When the line with "(Ref. MA7-444) Superbe" turns up below, begin repeating exactly, and carry on through the line with "Tiny photo for"; no pictures go into the copy.

**** GIVEN DATA ****

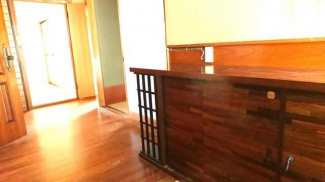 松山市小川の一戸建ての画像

****
**** GIVEN DATA ****

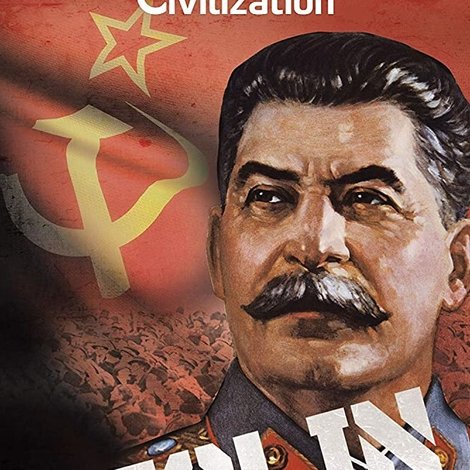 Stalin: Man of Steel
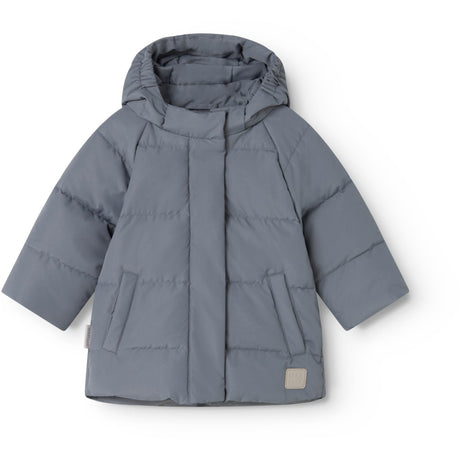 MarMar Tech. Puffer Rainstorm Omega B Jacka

****
**** GIVEN DATA ****

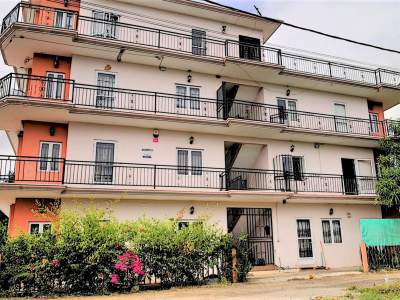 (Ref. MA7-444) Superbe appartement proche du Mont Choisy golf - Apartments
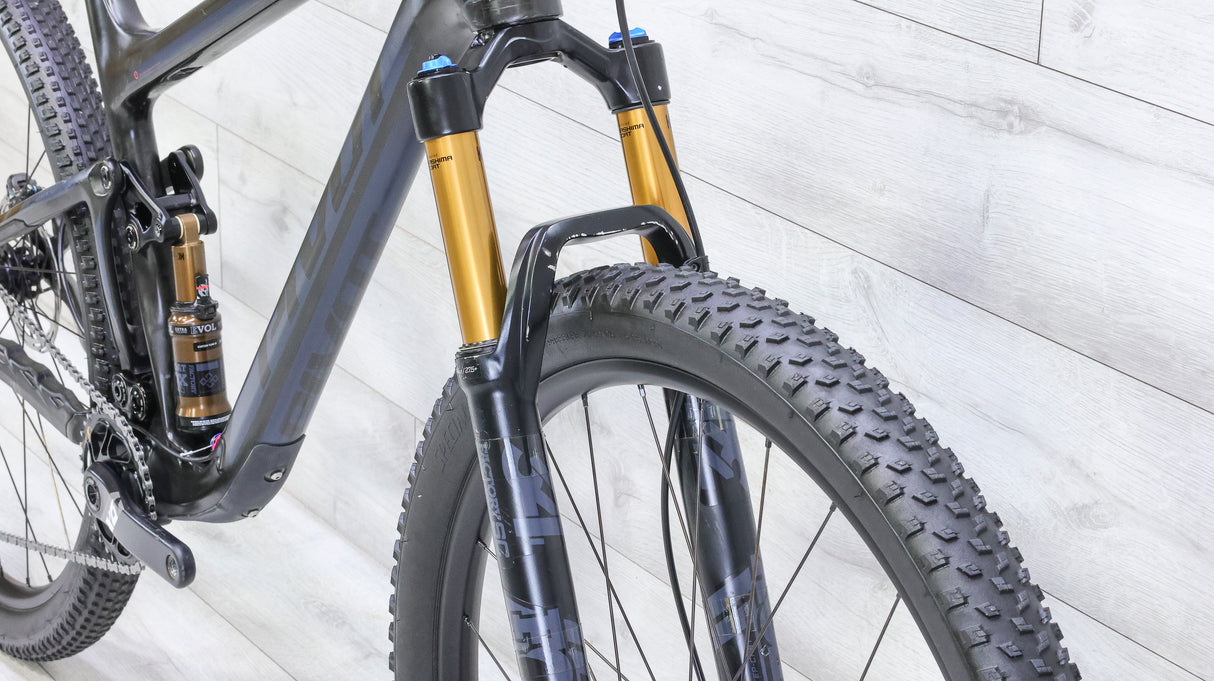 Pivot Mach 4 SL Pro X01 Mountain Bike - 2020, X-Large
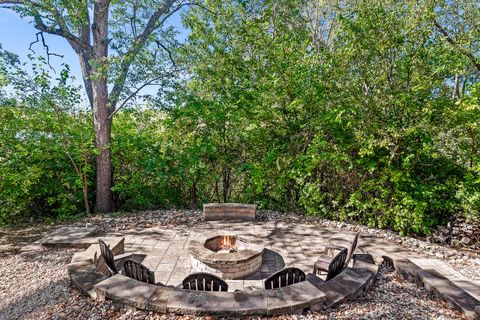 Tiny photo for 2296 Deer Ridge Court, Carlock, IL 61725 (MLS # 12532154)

****

> **COMPLETED EXERCISE**
 (Ref. MA7-444) Superbe appartement proche du Mont Choisy golf - Apartments
 Pivot Mach 4 SL Pro X01 Mountain Bike - 2020, X-Large
 Tiny photo for 2296 Deer Ridge Court, Carlock, IL 61725 (MLS # 12532154)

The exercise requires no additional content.